→ EXCERPTED RECORDS
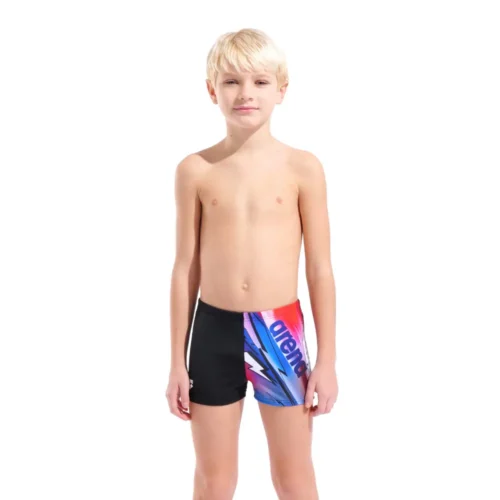 011793-550-B ARENA LOUD SWIM SHORT-001 Arena Kupaće gaće za dečake - Loud Swim Short Black Multi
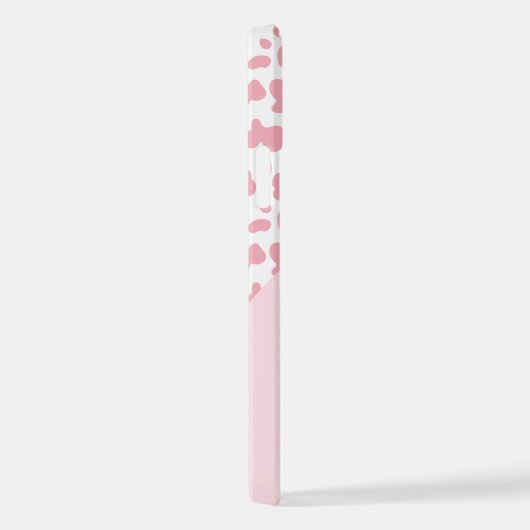 Cute Aardbery Koe and Spots Pattern iPhone Hoesje (Rechterkant)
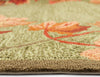 Trans Ocean Ravella 2303/16 Falling Leaves Border Moss Area Rug Pile Image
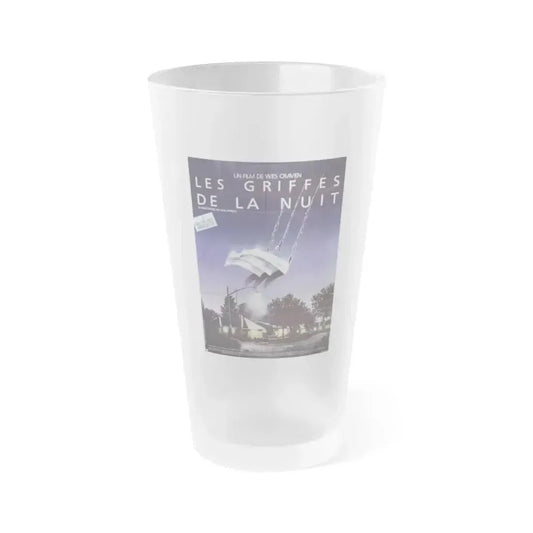 A NIGHTMARE ON ELM STREET (FRENCH) 1984 Movie Poster - Frosted Pint Glass 16oz 16oz Frosted - Go Mug Yourself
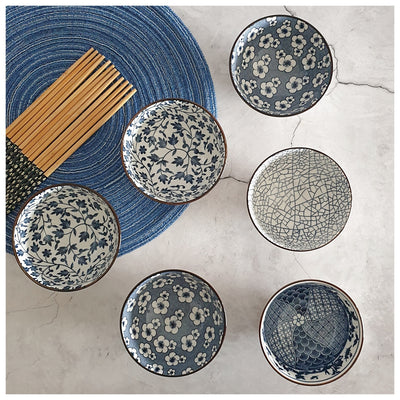 Ceramic - Soup/Rice Bowls - Set of 6 - Shibori Collection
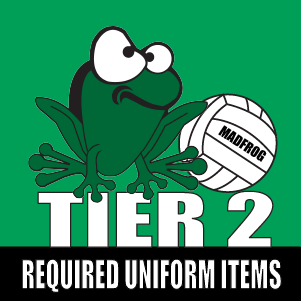 Madfrog Girls 2025-26 Club Season - Tier 2 Teams Required Items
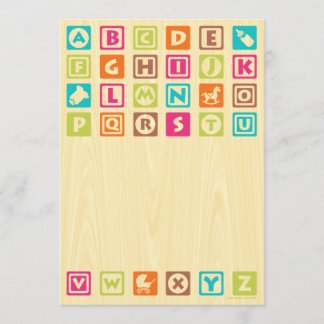 Houten Baby Blokken Babyschoenen Kaart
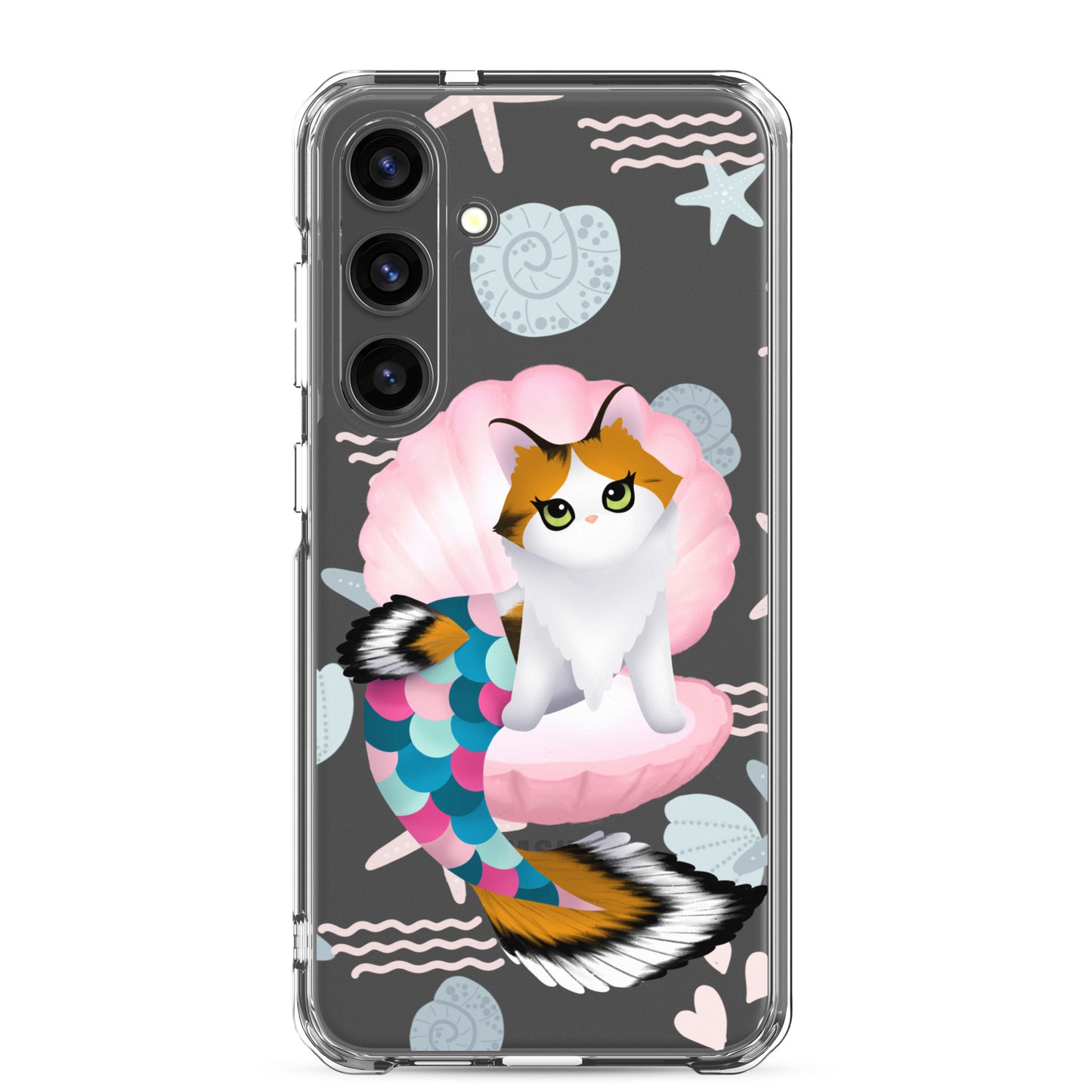 Purrmaid Paisley Clear Samsung Phone Case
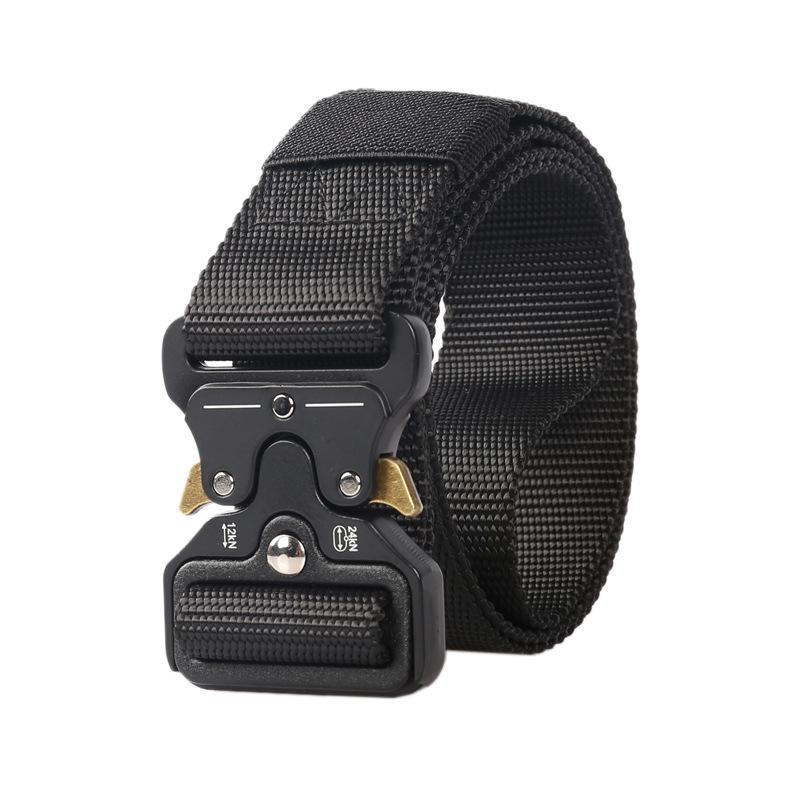 "4.3cm Wide Tactical Snake Buckle Canvas Belt for Men - Second Generation Outdoor Fashion"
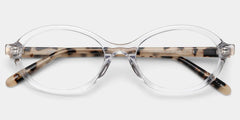 Oval Clear Eyeglasses- Everly Acetate Frame Glasses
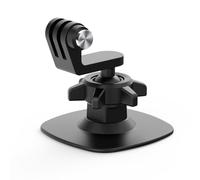 MuchLuckystar Per DJI e per insta360 Action Camera Helmet Mount, 360 ° Base Flessibile Rotante, per tpu Sport Cam Staffa per superfici curve piane, Nero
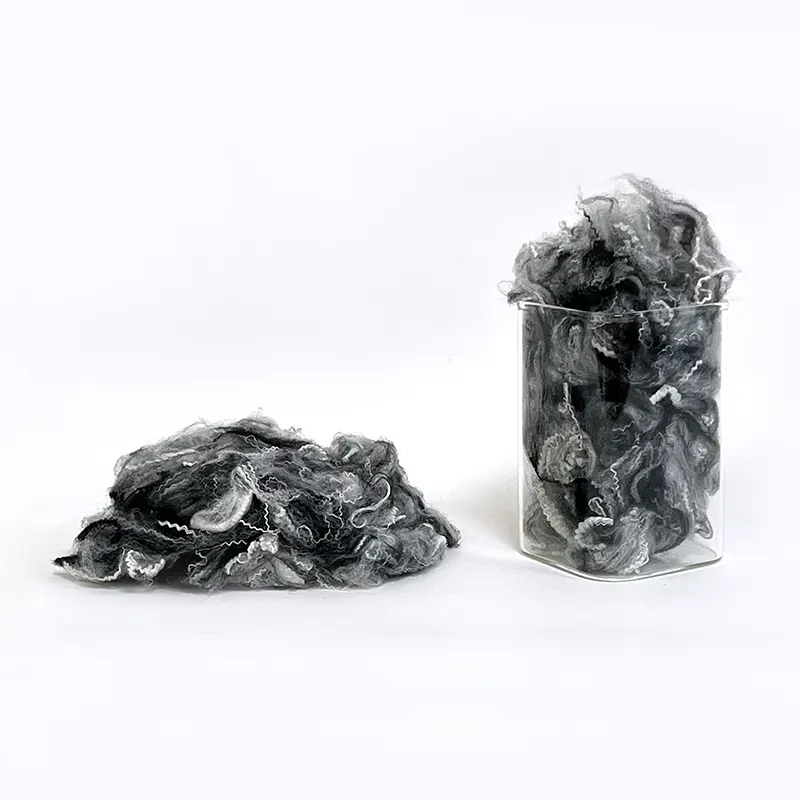 Color Recycled Polyester Fiber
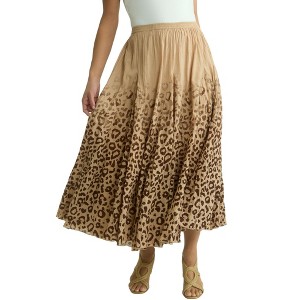 Jessica London Women's Plus Size Flowing Crinkled Maxi Skirt - 1 of 4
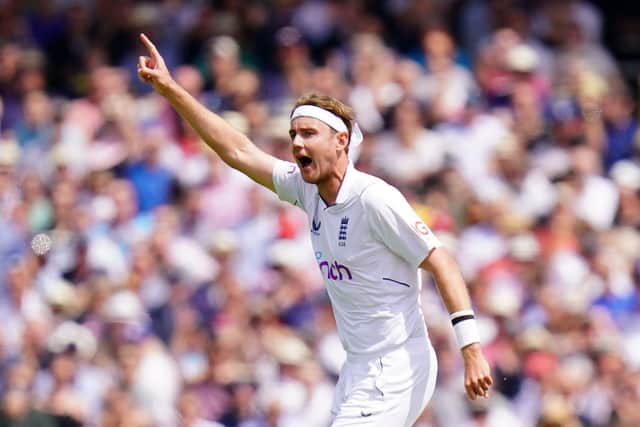 All Fine: Stuart Broad, above, has no issues with Joe Root. Picture: Adam Davy/PA Wire.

→ EXERCISE DIRECTIONS
Print the listing verbatim; no pictures.

→ OUTPUT BELOW
 011793-550-B ARENA LOUD SWIM SHORT-001 Arena Kupaće gaće za dečake - Loud Swim Short Black Multi
 Cute Aardbery Koe and Spots Pattern iPhone Hoesje (Rechterkant)
 Trans Ocean Ravella 2303/16 Falling Leaves Border Moss Area Rug Pile Image
 A NIGHTMARE ON ELM STREET (FRENCH) 1984 Movie Poster - Frosted Pint Glass 16oz 16oz Frosted - Go Mug Yourself
 Ceramic - Soup/Rice Bowls - Set of 6 - Shibori Collection
 Madfrog Girls 2025-26 Club Season - Tier 2 Teams Required Items
 Houten Baby Blokken Babyschoenen Kaart
 Purrmaid Paisley Clear Samsung Phone Case
 "4.3cm Wide Tactical Snake Buckle Canvas Belt for Men - Second Generation Outdoor Fashion"
 Oval Clear Eyeglasses- Everly Acetate Frame Glasses
 MuchLuckystar Per DJI e per insta360 Action Camera Helmet Mount, 360 ° Base Flessibile Rotante, per tpu Sport Cam Staffa per superfici curve piane, Nero
 Color Recycled Polyester Fiber
 Jessica London Women's Plus Size Flowing Crinkled Maxi Skirt - 1 of 4
 All Fine: Stuart Broad, above, has no issues with Joe Root. Picture: Adam Davy/PA Wire.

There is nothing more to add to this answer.